── EXTRACTED RECORDS

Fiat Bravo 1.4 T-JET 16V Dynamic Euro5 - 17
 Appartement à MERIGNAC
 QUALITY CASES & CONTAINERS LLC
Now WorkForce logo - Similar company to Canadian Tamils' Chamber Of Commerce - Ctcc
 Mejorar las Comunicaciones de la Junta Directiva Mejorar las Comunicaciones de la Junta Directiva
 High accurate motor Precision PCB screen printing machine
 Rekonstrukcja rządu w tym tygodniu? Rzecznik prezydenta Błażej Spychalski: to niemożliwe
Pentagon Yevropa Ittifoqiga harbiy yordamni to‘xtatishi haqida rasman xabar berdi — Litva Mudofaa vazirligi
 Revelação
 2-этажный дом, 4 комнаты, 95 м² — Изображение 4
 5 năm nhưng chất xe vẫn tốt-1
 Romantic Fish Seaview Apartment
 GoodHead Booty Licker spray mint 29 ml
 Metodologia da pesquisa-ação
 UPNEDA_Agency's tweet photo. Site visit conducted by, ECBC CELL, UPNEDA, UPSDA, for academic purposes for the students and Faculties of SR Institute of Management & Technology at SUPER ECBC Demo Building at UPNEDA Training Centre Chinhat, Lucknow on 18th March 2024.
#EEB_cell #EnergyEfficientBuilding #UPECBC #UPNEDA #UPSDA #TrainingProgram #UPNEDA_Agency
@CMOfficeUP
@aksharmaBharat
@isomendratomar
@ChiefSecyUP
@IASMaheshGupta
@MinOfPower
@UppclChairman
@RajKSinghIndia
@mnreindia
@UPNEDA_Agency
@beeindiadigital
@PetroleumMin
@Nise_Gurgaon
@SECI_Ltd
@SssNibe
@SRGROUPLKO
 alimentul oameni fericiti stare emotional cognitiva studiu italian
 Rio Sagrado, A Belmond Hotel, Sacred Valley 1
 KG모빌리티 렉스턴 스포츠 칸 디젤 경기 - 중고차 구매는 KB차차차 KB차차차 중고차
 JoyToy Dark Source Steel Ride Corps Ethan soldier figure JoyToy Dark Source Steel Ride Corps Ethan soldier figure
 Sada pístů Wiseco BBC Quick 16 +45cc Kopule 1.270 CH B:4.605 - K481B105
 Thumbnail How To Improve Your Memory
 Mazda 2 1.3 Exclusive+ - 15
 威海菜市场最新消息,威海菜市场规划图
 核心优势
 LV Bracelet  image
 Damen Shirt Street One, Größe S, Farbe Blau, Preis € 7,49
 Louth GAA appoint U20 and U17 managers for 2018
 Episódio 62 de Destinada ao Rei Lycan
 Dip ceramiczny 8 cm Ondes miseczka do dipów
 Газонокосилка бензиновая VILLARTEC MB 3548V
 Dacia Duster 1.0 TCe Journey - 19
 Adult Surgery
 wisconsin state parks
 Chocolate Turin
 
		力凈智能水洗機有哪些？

────

• WHAT YOU SHOULD DO
Search the records for the word "UPSDA" and copy every line where it occurs.

• RESPONSE AREA
 UPNEDA_Agency's tweet photo. Site visit conducted by, ECBC CELL, UPNEDA, UPSDA, for academic purposes for the students and Faculties of SR Institute of Management & Technology at SUPER ECBC Demo Building at UPNEDA Training Centre Chinhat, Lucknow on 18th March 2024.
#EEB_cell #EnergyEfficientBuilding #UPECBC #UPNEDA #UPSDA #TrainingProgram #UPNEDA_Agency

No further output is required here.